» WHAT THE EXERCISE ASKS
Lines with "Courbe" in the records below: say how many there are, and add nothing.

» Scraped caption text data
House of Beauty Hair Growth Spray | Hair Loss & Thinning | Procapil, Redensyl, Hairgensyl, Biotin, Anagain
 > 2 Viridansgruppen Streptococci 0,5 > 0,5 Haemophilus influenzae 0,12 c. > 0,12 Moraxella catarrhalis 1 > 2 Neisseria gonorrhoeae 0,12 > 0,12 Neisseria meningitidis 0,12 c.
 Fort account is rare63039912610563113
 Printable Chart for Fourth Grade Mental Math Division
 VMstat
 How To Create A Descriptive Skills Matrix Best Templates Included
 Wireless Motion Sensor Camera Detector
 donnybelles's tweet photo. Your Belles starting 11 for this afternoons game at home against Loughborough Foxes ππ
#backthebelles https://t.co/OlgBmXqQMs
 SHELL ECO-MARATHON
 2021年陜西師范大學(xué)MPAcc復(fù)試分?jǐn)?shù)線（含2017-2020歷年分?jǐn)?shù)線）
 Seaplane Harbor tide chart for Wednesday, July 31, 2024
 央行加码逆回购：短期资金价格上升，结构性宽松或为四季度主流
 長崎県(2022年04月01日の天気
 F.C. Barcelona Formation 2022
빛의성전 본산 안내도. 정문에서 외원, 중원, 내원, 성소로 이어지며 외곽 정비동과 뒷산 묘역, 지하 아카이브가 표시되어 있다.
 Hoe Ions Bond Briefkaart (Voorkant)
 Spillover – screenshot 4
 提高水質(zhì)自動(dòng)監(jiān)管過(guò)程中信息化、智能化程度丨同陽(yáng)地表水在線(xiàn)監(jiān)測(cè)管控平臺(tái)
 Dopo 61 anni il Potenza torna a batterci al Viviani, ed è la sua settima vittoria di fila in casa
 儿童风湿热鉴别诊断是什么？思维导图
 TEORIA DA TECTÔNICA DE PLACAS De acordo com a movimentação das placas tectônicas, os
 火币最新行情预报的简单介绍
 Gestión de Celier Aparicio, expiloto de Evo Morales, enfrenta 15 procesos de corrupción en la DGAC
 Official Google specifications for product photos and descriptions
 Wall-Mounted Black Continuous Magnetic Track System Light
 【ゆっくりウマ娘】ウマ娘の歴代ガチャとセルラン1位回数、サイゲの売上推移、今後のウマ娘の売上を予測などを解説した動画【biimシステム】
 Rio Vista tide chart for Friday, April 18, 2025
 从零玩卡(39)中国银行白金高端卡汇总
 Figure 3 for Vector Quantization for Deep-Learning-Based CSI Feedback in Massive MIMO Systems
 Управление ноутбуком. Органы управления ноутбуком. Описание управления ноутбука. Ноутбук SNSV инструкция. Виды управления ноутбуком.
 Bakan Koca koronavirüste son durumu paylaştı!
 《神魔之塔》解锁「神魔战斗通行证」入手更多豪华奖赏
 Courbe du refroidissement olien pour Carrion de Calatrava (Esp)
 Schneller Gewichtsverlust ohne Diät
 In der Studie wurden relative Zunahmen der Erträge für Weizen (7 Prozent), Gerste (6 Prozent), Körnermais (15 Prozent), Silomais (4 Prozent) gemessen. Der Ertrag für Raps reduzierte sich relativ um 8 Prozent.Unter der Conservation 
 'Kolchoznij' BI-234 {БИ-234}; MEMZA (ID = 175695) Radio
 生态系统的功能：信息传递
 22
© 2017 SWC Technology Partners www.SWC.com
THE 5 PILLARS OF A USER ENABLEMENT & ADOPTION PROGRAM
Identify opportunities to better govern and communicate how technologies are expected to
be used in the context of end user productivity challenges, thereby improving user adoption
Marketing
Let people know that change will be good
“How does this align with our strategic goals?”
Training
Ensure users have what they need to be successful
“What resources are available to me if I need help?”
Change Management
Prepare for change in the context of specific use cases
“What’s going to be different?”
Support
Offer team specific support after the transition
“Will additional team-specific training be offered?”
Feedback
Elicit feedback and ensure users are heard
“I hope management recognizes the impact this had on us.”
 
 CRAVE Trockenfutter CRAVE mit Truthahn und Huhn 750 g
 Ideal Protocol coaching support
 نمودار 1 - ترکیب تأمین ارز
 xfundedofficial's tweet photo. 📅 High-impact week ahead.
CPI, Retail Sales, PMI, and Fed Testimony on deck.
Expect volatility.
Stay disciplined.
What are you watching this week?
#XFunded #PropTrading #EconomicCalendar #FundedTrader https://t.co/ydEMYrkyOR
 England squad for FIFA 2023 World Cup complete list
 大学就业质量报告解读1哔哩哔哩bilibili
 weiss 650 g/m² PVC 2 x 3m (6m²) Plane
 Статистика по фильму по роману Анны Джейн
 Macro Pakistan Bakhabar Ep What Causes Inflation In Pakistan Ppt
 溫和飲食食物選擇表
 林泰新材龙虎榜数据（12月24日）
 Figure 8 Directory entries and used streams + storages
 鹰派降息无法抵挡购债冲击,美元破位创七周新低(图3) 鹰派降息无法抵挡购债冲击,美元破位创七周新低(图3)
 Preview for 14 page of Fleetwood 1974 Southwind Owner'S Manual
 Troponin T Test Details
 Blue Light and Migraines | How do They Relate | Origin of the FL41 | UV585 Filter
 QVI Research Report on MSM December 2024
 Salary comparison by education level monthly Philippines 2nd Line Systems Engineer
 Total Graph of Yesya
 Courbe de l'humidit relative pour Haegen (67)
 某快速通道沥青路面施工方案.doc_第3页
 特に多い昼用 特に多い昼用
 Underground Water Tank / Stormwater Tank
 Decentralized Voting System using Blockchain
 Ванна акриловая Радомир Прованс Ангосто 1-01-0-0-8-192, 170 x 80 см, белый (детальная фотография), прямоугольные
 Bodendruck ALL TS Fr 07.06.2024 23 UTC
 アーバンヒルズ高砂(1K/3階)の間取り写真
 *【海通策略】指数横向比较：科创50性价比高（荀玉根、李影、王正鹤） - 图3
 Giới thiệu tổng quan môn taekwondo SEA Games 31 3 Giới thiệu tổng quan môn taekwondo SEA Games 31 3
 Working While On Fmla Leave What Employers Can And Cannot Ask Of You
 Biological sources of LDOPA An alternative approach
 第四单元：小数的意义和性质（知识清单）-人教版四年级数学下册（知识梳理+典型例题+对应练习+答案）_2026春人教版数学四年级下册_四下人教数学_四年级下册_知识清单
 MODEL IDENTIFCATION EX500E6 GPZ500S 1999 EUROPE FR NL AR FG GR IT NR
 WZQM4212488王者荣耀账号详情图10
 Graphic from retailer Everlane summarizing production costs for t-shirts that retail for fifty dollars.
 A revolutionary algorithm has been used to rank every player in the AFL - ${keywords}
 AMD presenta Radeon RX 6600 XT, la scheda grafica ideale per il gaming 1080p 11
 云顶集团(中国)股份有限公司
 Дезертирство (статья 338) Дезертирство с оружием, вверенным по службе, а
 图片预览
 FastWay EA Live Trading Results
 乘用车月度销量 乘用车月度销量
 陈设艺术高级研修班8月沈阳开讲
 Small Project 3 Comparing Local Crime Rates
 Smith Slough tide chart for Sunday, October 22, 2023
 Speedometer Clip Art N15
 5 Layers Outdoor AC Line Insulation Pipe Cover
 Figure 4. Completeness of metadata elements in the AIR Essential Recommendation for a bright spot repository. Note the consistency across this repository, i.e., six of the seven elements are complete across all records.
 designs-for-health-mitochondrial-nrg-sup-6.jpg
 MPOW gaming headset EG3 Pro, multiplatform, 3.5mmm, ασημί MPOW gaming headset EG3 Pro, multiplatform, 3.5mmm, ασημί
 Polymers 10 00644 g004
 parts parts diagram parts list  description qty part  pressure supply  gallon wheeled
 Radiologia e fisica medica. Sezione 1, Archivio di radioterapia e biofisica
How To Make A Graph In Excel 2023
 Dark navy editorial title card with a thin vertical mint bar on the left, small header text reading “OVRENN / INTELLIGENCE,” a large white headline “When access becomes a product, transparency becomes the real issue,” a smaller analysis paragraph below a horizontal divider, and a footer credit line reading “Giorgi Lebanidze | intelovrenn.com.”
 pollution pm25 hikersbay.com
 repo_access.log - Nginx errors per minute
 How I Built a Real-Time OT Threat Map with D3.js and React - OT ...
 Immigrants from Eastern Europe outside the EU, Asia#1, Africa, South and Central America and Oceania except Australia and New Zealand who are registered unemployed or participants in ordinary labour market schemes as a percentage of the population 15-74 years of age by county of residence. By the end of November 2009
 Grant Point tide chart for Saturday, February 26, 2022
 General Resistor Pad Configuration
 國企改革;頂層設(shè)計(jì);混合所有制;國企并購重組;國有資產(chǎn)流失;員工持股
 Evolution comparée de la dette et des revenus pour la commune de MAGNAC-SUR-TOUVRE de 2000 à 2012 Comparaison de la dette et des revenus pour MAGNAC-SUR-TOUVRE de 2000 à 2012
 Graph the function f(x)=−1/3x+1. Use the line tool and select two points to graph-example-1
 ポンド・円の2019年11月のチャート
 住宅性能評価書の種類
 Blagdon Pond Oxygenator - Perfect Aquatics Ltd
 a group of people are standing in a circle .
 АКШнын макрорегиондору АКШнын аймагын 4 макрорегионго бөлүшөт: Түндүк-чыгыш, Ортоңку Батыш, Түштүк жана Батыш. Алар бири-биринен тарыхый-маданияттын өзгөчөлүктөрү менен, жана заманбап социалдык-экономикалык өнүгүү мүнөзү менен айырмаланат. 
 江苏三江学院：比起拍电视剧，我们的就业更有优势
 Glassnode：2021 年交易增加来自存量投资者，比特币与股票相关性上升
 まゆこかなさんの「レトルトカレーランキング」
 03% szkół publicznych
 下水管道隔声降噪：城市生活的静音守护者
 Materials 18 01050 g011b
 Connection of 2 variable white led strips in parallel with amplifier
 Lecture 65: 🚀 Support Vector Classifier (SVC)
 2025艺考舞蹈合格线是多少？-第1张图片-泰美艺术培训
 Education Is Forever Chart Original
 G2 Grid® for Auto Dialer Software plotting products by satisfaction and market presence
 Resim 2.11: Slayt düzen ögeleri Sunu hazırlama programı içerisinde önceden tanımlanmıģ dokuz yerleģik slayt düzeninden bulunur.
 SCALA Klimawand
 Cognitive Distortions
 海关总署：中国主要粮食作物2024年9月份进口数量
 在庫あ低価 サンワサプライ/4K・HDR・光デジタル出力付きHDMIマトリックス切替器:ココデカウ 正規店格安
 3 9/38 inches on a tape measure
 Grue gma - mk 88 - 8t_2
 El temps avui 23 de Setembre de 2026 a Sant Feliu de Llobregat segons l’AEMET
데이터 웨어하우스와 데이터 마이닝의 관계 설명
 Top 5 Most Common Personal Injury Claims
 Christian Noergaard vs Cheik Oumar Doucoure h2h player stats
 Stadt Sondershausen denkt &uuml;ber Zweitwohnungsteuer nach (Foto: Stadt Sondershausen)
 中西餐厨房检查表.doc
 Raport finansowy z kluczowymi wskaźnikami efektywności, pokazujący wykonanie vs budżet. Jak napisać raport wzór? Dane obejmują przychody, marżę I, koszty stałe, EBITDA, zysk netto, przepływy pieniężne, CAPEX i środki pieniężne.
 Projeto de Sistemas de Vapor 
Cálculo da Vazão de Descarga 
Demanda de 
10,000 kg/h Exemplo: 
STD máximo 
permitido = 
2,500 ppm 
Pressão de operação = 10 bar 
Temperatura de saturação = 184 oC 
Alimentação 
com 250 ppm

» ANSWER TO THIS TASK
2